YAZAR: JERZY KOSINISKI

ÇEVİREN: AYDIN EMEÇ

YAYINEVİ: E YAYINLARI

SAYFA SAYISI: 239

YORUM:  Herkese merhabalar .Öncelikle Jerzy Kosiniski hakkında ufak bir bilgi vermek istiyorum. Polonya asıllı yazar  İkinci Dünya savaşında doğu polonya'da katolik bir aileye sahte bir kimlikle sığınıyor. Yahudi bir ailede doğan bu çocuğun asıl adı Josef Lowinkopf'tur.  Ailenin babası Moses Nazilerin  ayak seslerini duyar ve ailenin soyadını Kosiniski'ye çevirir.  Sonradan vaftiz edilerek Hıristiyan olan aile, Yahudi kimliğini savaş boyu saklar.
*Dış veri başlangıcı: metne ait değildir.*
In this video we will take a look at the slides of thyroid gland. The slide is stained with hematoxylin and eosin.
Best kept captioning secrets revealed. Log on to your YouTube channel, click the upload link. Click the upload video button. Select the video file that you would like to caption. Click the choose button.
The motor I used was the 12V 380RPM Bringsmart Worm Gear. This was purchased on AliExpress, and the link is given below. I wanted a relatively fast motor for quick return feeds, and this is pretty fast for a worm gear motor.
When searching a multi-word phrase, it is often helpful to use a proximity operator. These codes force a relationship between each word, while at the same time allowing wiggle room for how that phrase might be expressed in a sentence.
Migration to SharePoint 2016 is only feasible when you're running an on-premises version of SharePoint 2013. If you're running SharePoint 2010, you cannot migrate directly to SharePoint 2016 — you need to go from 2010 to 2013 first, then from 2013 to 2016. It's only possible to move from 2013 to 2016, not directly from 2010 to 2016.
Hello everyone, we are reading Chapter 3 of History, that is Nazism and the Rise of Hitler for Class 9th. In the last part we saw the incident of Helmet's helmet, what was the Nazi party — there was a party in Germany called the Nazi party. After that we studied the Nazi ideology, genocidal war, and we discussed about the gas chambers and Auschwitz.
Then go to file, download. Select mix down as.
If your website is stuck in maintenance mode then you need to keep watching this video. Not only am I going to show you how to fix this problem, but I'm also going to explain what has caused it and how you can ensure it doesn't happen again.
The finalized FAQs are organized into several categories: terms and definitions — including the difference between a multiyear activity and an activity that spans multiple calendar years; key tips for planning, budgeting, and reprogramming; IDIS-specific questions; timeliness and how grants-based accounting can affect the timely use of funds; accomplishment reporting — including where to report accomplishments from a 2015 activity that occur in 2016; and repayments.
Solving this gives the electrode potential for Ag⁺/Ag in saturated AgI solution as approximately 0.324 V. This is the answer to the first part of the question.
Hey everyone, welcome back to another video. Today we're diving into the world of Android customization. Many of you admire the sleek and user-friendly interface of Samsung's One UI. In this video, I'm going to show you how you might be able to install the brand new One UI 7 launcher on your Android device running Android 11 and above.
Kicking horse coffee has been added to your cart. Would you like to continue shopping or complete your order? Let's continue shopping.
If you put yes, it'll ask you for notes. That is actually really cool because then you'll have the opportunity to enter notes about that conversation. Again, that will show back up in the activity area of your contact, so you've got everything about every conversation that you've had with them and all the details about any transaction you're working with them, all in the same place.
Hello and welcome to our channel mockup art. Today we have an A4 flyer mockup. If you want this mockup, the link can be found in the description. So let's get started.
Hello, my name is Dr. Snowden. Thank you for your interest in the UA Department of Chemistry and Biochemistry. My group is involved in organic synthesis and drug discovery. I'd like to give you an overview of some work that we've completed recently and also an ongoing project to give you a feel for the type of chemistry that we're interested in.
Yazar bir yandan kendi hayatını yazmış diye biliriz. Kitapta adını bilmediğimiz yedi yaşında bir çocuğun on bir yaşına kadar sığınacak bir yerler aramasıyla  geçiyor. Çocuk ailesi tarafından gönderildiği yaşlı bir kadın ölünce sokakta kalır. Çocuk köy köy dolaşa dolasa kendisini saklayacak birilerini arar çünkü savaş vardır ve Yahudi olan bu çocuk her yerde dışlanmaktadır. Bir kaç kötü adamın eline düşer ve onların işlerini yapar, bütün yükü sırtlanır fakat yaranamaz her gün dayak yer. Gittiği her evde bu şekilde yaşamaya çalışan bu çocuk savaşın sonuna kadar bir çok ailede kalır ve her ailenin farklı hikayesi vardır. Her gittiği yerden bir şeyler öğrenir. Şiddeti sevmeyen, çok ezilen bu çocuk kitabın sonlarında oldukça hırçın bir çocuğa dönüşür.

Küçük bir çocuğun hikayesi çoğu yerde içimizi acıyor. Ben bu kitabı okurken Naziler ve savaş bekliyordum. Fakat hiç öyle olmadı daha çok çocuk üzerine yoğunlaşan kitabı ben sevdim. Okuması keyifli ve hızlı bir kitap. Okumak isteyen herkese tavsiye ederim.